A verdade, em Heidegger, ou seja o acto de desocultação, a abertura entre o Dasein ( ser aí, isto é, cada homem) e os objectos que preencherão o mundo ou porta aberta entre o homem e as coisas, desempenha pois a função da razão, portadora do real, na doutrina de Hegel. Mas, nesta, o verdadeiro é o em si, o pensamento divino, independentemente de haver ou não humanidade, sujeitos pensantes. O verdadeiro para Hegel é o racional, o ser absoluto, Deus e as suas derivações - natureza biofísica, humanidade. O verdadeiro está no começo, no meio e no fim. Para Heidegger o começo não é a verdade mas o ser: a verdade, embora originária, é ontologicamente posterior ao ser, pois ocorre ao abrir-se a flor que é o ente humano para o jardim que é o mundo.
O BELO NAS CONCEPÇÕES DE HEIDEGGER E HEGEL
Heidegger situa a beleza como um momento final do processo de instituição da verdade, isto é, de desocultação do ser, dando a impressão de perfilhar o objectivismo estético:
«A verdade é a desocultação (die Unverborgenheit) do ente como ente.
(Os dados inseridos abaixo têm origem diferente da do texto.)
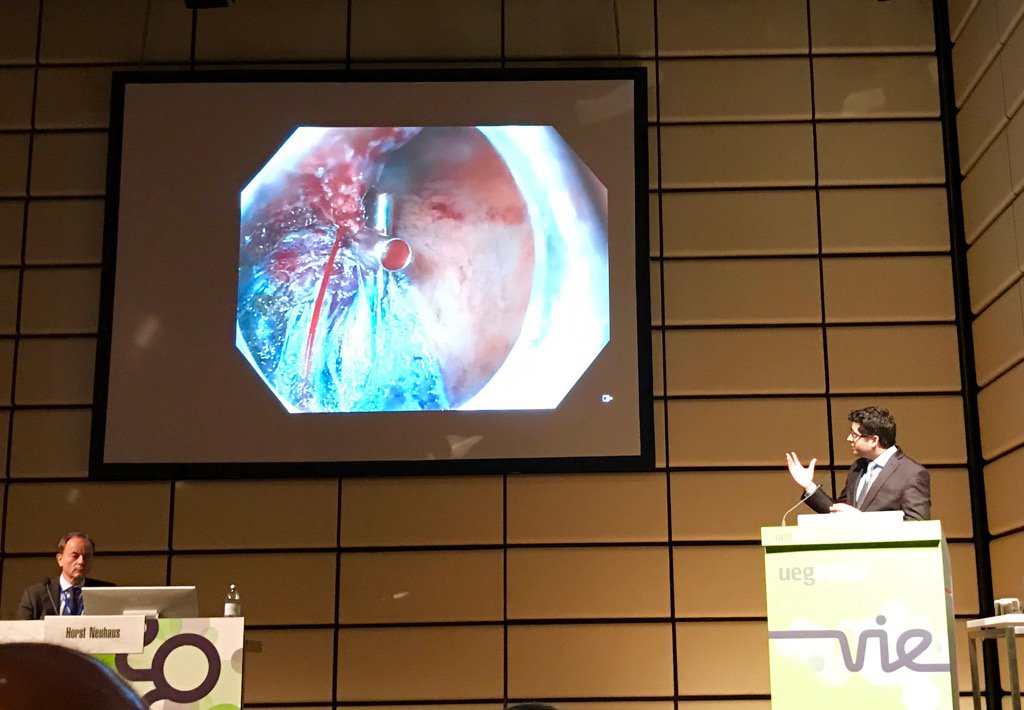 #UEGWeek Dr Sidhu demonstrates how not to panic under pressure, major bleeding during ESD of a gastric NET #SIES2017
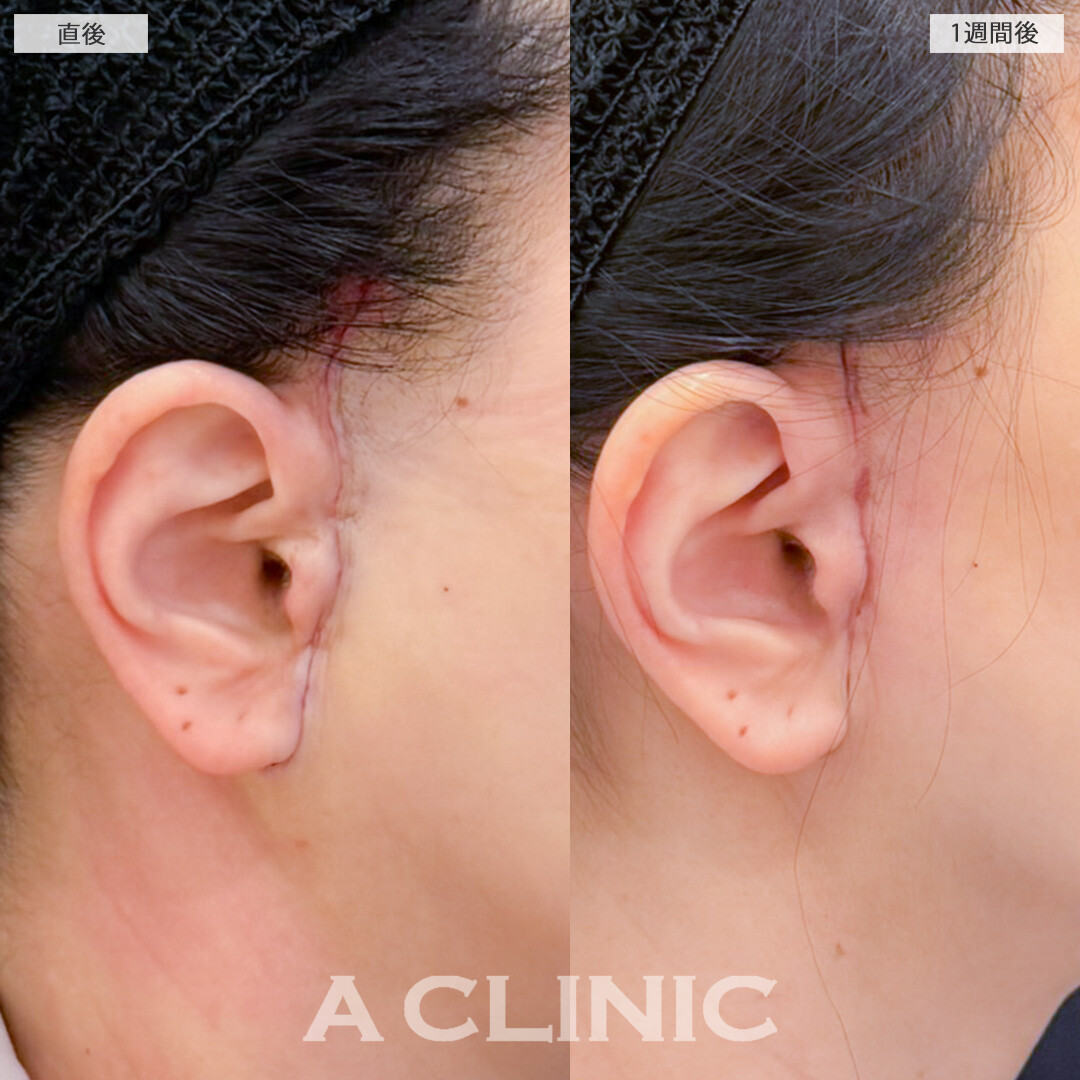 【直後の傷跡あり】A式美肌たるみ切開でたるみ改善と予防どちらも叶う！処置前と1週間後の症例です(50代女性)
A verdade é a verdade do Ser. A beleza não ocorre ao lado desta verdade. Se a verdade se põe em obra na obra, aparece. É este aparecer, enquanto ser da verdade na obra e como obra, que constitui a beleza. O belo pertence assim ao auto-acontecimento da verdade (das Sichereignen der Wahrheit). O belo não é somente relativo ao agrado (das Gefallen) e apenas como o seu respectivo objecto. Todavia, o belo reside na forma, mas apenas porque outrora a forma clareou a partir do ser, enquanto a entidade do ente. O ser aconteceu então como eidos. A idea insere-se na morfé. O sínolon, o todo unido da morfé e da hilé, a saber, o ergon é no modo de energéia. Este modo de presença torna-se a actualitas do ens actu. A actualitas torna-se realidade. A realidade converte-se em objectividade, e objectividade torna-se vivência (Erlebnis).» (Heidegger, A essência da obra de arte, pags 66-67).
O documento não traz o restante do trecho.